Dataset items
════════
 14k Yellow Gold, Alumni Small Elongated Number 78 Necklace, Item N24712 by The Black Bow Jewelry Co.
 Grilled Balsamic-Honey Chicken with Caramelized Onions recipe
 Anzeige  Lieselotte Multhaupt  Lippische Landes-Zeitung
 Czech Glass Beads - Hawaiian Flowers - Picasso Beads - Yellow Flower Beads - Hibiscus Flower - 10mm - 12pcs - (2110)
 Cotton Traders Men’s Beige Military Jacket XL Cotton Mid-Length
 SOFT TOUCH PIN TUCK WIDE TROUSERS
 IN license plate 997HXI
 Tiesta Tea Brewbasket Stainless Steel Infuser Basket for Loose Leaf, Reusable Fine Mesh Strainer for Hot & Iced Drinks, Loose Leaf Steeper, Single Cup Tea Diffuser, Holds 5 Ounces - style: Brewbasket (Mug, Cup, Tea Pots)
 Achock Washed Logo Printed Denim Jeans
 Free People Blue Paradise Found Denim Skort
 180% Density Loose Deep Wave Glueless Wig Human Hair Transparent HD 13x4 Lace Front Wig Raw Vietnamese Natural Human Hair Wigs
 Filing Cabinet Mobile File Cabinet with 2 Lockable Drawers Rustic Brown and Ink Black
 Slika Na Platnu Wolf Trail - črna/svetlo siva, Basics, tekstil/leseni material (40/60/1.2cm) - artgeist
════════
Copy out the lines of the data where the word "Black" can be found.

 14k Yellow Gold, Alumni Small Elongated Number 78 Necklace, Item N24712 by The Black Bow Jewelry Co.
 Filing Cabinet Mobile File Cabinet with 2 Lockable Drawers Rustic Brown and Ink Black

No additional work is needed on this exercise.